Um cappuccino inclui os custos de aluguel da cafeteria, os custos com a equipe do barista e os custos de transporte pela Holanda e pelo mundo. Esses custos também se somam. O grão de café determina apenas uma pequena parte do preço, assim como acontece com um pacote de café de moagem rápida no supermercado.
No supermercado, o quilo de café pode ultrapassar € 20 este ano, segundo o Rabobank. Nesta primavera, os consumidores ainda estão pagando uma média de € 17 por quilo.
Café como produto de luxoIsso não é um problema, diz Clerkx. "O café tem sido estruturalmente barato demais desde os anos 80", diz ele. Deveria ser um produto de luxo, porque a planta do café só pode ser cultivada em alguns lugares do mundo. Além disso, o café é um produto que exige muita mão de obra, diz ele. "É um saco colher todas aquelas cerejas da planta do café com as mãos."
Um café mais caro pode ajudar os agricultores a tornar seus negócios resistentes às mudanças climáticas, acrescenta Geijer. "Se os preços estiverem altos o suficiente, os agricultores podem fertilizar ou investir em variedades que resistam melhor a condições extremas."
"As mudanças climáticas estão dificultando cada vez mais o cultivo de Arábicas tão especiais. Acho que o preço vai aumentar drasticamente."
Inge Bulthuis, proprietária da cafeteria e torrefação Back To Black, prevê que o café da melhor qualidade se tornará "terrivelmente caro". "Mas me pergunto se as pessoas estão dispostas a pagar 'preço de vinho' pelo café."
Jones também duvida que as pessoas simplesmente aceitem se o café em breve se tornar um produto tão exclusivo quanto o champanhe. "Converso com meus clientes todos os dias.
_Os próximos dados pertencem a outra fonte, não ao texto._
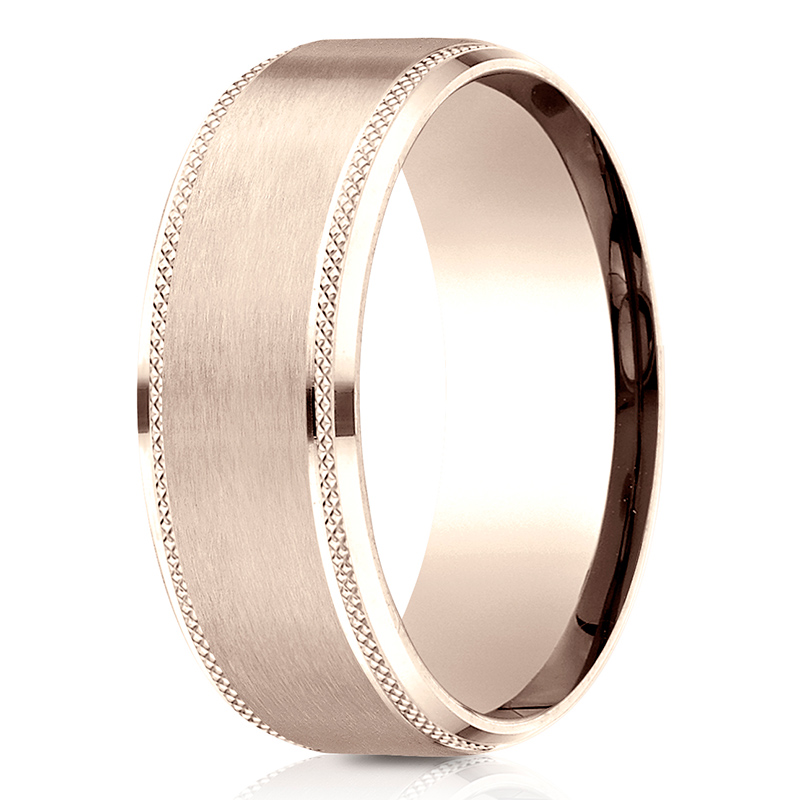 Benchmark 8mm Comfort Fit Knurled Drop Bevel Satin Finish Design Band - view 7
Não importa o quanto eles entendam os problemas do mundo, eles não querem pagar muito mais." Ele teme perder clientes para grandes redes de cafeterias que não precisam aumentar seus preços tão rapidamente. Elas podem arcar com os custos mais altos por mais tempo.
A necessidade generalizada de cafeína oferece às cafeterias e comerciantes alguma segurança em tempos voláteis. "Beber café é muito mais do que um hábito. É quase um ritual", diz Geijer. "Muitas pessoas dizem que não conseguem ficar sem café pela manhã. Você não as ouve dizer isso sobre queijo, maçãs ou pão."
Isso também fica evidente na cafeteria Back To Black, onde os clientes aguardam na calçada por sua dose de cafeína. Bulthuis começou recentemente a servir um novo café. Novo para ela, pelo menos: o tão criticado café robusta. "A mudança climática está dificultando cada vez mais o cultivo de arábicas tão especiais. Acho que o preço vai aumentar drasticamente."
É por isso que o empreendedor está experimentando com grãos de café existentes. "O robusta também pode ser frutado se você o cultivar e torrar de forma muito precisa", diz Bulthuis. Dessa forma, o empreendedor também está tentando conquistar os esnobes do café. Ele precisa. "Porque este é o futuro do café: um mercado sob pressão e um mundo que quer mais café a cada ano."